Dataset section
<<<<

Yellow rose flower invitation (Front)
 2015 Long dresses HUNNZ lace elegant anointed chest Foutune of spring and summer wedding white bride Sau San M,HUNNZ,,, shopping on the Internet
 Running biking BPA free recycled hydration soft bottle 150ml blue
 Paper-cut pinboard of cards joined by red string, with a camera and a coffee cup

>>>>

Try it
Copy the data above exactly. Every line must be included.

Written answer
Yellow rose flower invitation (Front)
 2015 Long dresses HUNNZ lace elegant anointed chest Foutune of spring and summer wedding white bride Sau San M,HUNNZ,,, shopping on the Internet
 Running biking BPA free recycled hydration soft bottle 150ml blue
 Paper-cut pinboard of cards joined by red string, with a camera and a coffee cup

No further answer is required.